* **RECORDS FOR THE EXERCISE**:
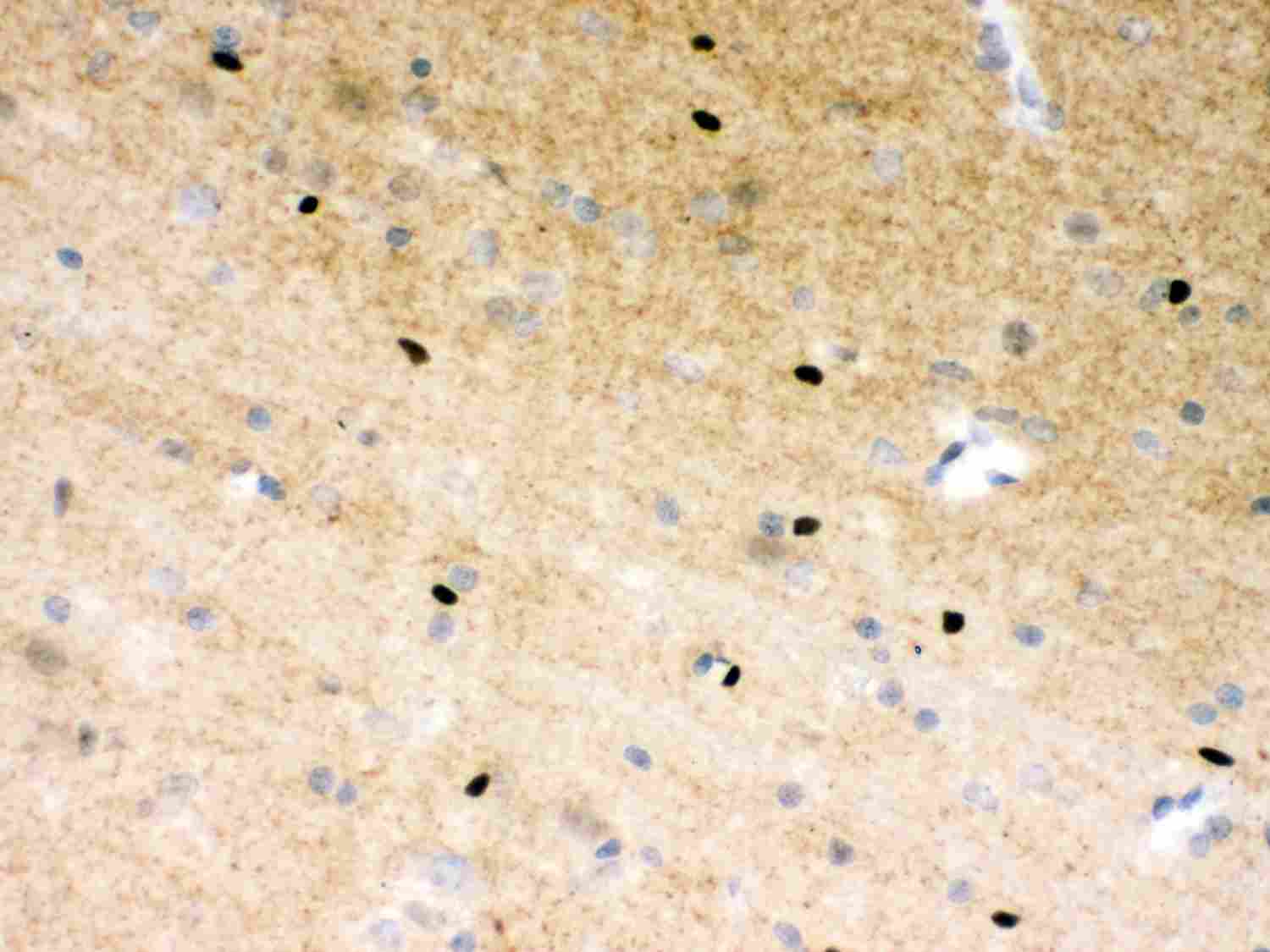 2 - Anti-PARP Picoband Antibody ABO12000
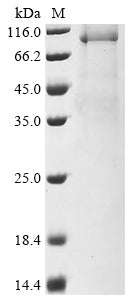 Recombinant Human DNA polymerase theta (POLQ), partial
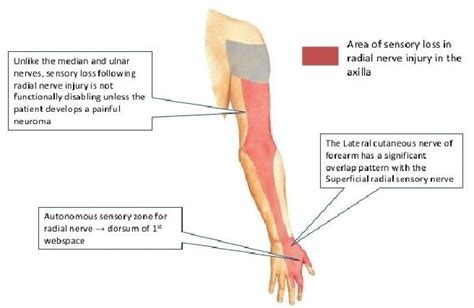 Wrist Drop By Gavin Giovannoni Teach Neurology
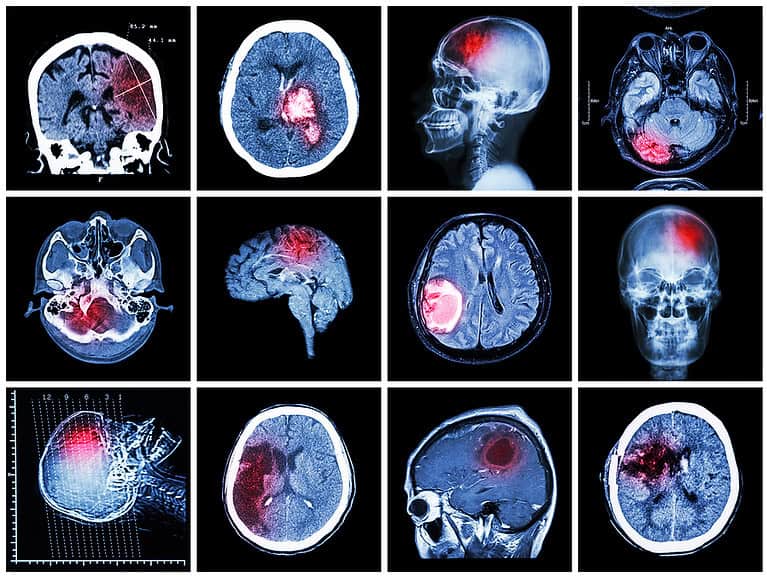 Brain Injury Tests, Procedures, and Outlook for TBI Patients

...

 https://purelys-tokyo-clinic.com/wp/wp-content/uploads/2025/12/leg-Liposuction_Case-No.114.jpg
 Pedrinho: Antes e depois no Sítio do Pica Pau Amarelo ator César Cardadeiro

---

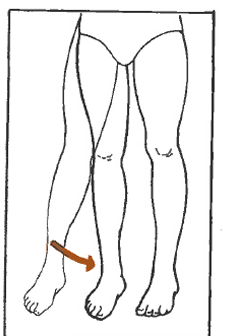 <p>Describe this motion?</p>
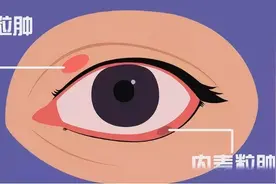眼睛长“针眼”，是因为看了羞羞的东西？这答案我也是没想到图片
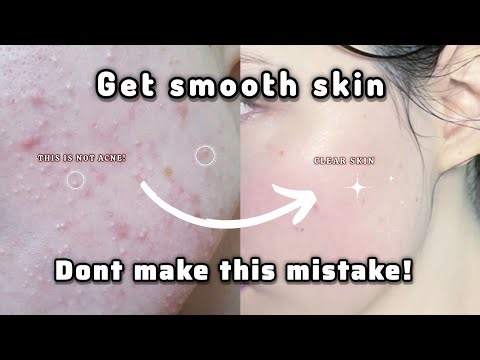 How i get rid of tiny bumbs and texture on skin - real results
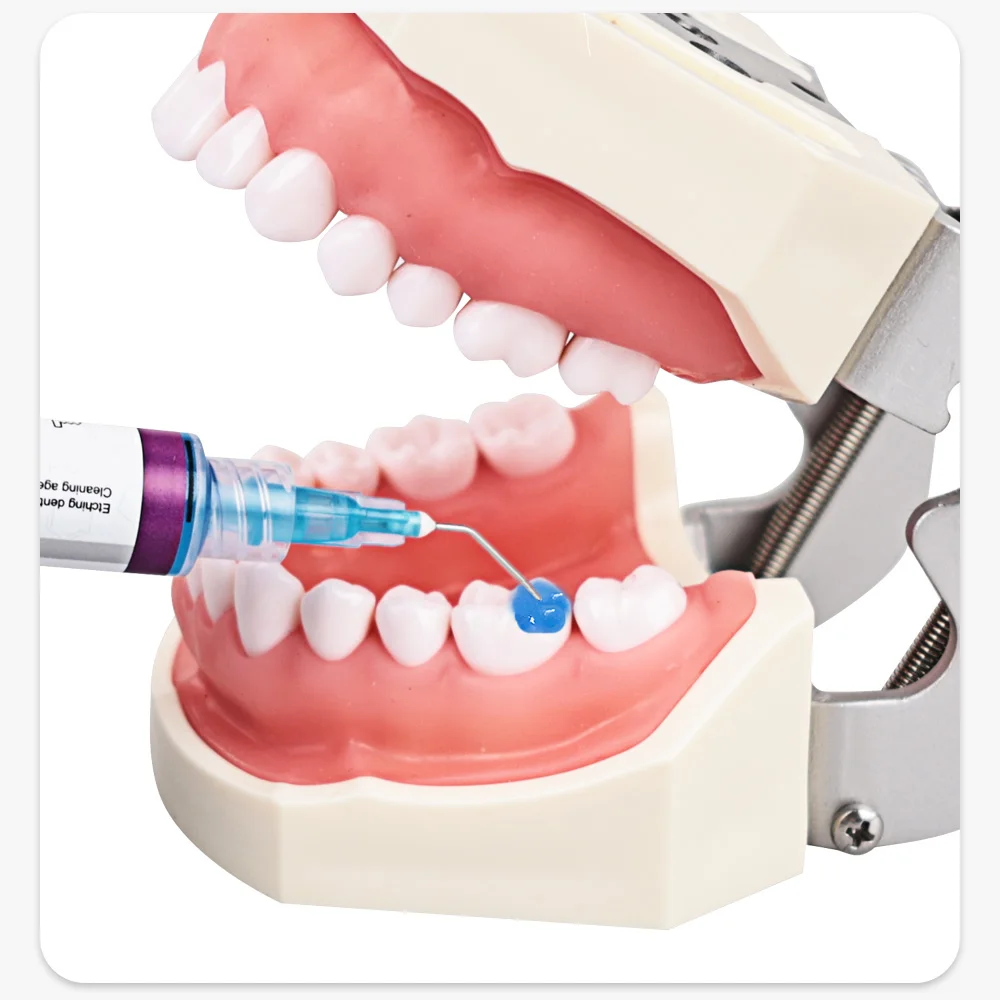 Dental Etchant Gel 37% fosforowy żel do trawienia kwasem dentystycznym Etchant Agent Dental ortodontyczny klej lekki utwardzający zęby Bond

* **ACTIVITY**:
Set the pictures aside and retype exactly the lines above from the line with "2 - Anti-PARP Picoband Antibody ABO12000" to the line with "Brain Injury Tests, Procedures, and", both included, adding no others.

* **EXPECTED ANSWER**:
 2 - Anti-PARP Picoband Antibody ABO12000
 Recombinant Human DNA polymerase theta (POLQ), partial
 Wrist Drop By Gavin Giovannoni Teach Neurology
 Brain Injury Tests, Procedures, and Outlook for TBI Patients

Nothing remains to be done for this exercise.